Il segretario generale della Lega araba Ahmed Aboul Gheit ha condannato l'impatto delle azioni israeliane sul futuro della regione, affermando che “L'occupazione sta distruggendo il futuro della pace nella regione". Aboul Gheit ha chiesto "un cessate il fuoco immediato in Libano [...] e le parole non sono più sufficienti per le sofferenze sopportate dal popolo palestinese".
In apertura, il principe ereditario saudita Mohammed bin Salman ha dichiarato che il suo Paese è al fianco del popolo palestinese e libanese, condannando categoricamente il “genocidio collettivo” che Israele sta commettendo contro i palestinesi. Il leader saudita ha esortato i leader mondiali ad assumersi le proprie responsabilità per “preservare la pace e la sicurezza internazionale, fermando immediatamente le azioni israeliane contro i nostri fratelli in Palestina e Libano”. Ha inoltre intimato a Israele di rispettare la sovranità dell’Iran e astenersi da attacchi contro i suoi territori.
Il vicepresidente iraniano Mohammad Reza Aref ha sottolineato che la "falsa esistenza dell'entità sionista fa credere ai suoi leader che la loro sopravvivenza dipenda dal commettere crimini e uccisioni nei territori palestinesi occupati".“Il mondo – ha aggiunto - si aspetta che la futura amministrazione Trump metta fine alle guerre nella Striscia di Gaza e in Libano” ma “Abbiamo assistito all'uccisione di decine di migliaia di donne e bambini con il sostegno degli Stati Uniti", osservando che "a causa del sostegno illimitato dell'amministrazione statunitense all'entità occupante, la comunità internazionale non è in grado di fermare il genocidio e l'uccisione di persone innocenti", sottolineando la necessità di misure per prevenire ulteriori aggressioni israeliane e definendo l’uccisione dei leader di Hamas e di Hezbollah come “terrorismo di stato israeliano”.
Il primo ministro libanese Najib Mikati ha ribadito l'impegno del Libano nei confronti della risoluzione 1701 delle Nazioni Unite, che mira a mantenere la pace lungo il confine tra Libano e Israele. "Siamo impegnati nella risoluzione 1701 in tutti i suoi termini", ha affermato, sollecitando il sostegno alle istituzioni libanesi e la continuazione degli aiuti di emergenza. Mikati ha messo in guardia dalla "crisi esistenziale senza precedenti del Libano dovuta alla continua aggressione israeliana", sottolineando che "gli impatti economici dell'escalation israeliana si aggiungono alla portata di questa tragedia".

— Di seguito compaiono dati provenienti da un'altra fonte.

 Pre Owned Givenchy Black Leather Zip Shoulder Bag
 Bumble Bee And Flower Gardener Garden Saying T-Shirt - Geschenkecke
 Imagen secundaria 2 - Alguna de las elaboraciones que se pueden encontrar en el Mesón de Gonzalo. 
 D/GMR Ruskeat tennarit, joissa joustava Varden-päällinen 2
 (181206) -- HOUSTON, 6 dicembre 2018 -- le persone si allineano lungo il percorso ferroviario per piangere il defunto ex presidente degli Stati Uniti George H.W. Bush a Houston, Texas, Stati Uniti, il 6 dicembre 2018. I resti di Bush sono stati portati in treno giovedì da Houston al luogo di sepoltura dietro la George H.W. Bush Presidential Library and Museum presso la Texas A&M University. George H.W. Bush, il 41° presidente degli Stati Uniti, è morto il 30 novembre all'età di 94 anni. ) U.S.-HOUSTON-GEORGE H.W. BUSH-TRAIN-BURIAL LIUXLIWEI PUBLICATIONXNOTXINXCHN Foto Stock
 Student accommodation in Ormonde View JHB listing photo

Il presidente siriano Bashar al-Assad ha dato priorità alla protezione delle vite palestinesi, dichiarando che "la priorità è fermare il genocidio e i massacri perpetrati dall'occupazione israeliana". Al-Assad ha messo in discussione il significato dei diritti "se ai palestinesi viene negato il diritto di vivere". Ha anche chiesto un approccio pratico, sottolineando, "Saremo partner nel genocidio in corso senza un piano esecutivo", sollecitando "decisioni sane per prevenire ulteriori atrocità in Libano e a Gaza".
Il presidente dell'Autorità Nazionale Palestinese Mahmoud Abbas ha criticato l'inazione della comunità internazionale, affermando che "La comunità globale non è riuscita a fermare l'aggressione israeliana a Gaza". Ha chiesto la sospensione dell'appartenenza dell'occupazione israeliana alle Nazioni Unite se non rispetta le risoluzioni internazionali, esortando "le nazioni di tutto il mondo a riconsiderare le loro relazioni con Israele a causa delle sue violazioni del diritto internazionale".

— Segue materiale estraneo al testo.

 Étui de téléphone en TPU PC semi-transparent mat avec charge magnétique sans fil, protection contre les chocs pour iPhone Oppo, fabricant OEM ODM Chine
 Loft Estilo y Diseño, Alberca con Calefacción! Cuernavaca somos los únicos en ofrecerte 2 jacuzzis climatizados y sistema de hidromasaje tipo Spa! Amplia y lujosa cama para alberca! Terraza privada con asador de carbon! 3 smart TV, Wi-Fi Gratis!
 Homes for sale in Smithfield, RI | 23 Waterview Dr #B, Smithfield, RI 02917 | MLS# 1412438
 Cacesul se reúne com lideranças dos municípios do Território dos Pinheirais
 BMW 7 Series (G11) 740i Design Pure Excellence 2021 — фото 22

Il presidente egiziano Abdel Fattah el-Sisi ha sottolineato la gravità del momento, dichiarando che "il futuro della regione e del mondo è ora a un bivio, soprattutto alla luce dell'aggressione contro il Libano e Gaza". El-Sisi ha ribadito l'impegno dell'Egitto a resistere ai tentativi di mettere da parte la causa palestinese, sottolineando che "Il Cairo si opporrà a qualsiasi piano per eliminare la questione palestinese". Ha sostenuto che "la condizione essenziale per la stabilità è la creazione di uno stato palestinese indipendente".
Il re di Giordania Abdullah II ha sollecitato un'azione immediata per alleviare la crisi, chiedendo una "rapida intensificazione degli sforzi per rompere il blocco di Gaza, allentare le tensioni in Cisgiordania, sostenere la sovranità libanese e porre fine alla guerra in Libano". Il presidente turco Recep Tayyip Erdogan ha messo in guardia dalle ambizioni del primo ministro israeliano Benjamin Netanyahu, accusando il governo israeliano di aumentare le tensioni militari contro l'Iran mentre continua gli attacchi al Libano. Ha sostenuto che l'obiettivo israeliano era "stabilirsi a Gaza e sradicare la presenza palestinese in Cisgiordania e al-Quds orientale". Erdogan ha sottolineato la necessità di un'azione globale per contrastare questi piani, proponendo "l'isolamento internazionale di Israele a meno che non ponga fine alla sua aggressione". Ha esortato tutte le nazioni a sostenere la causa legale del Sudafrica contro l'occupazione presso la Corte internazionale di giustizia e "incoraggiare più paesi a riconoscere lo Stato di Palestina".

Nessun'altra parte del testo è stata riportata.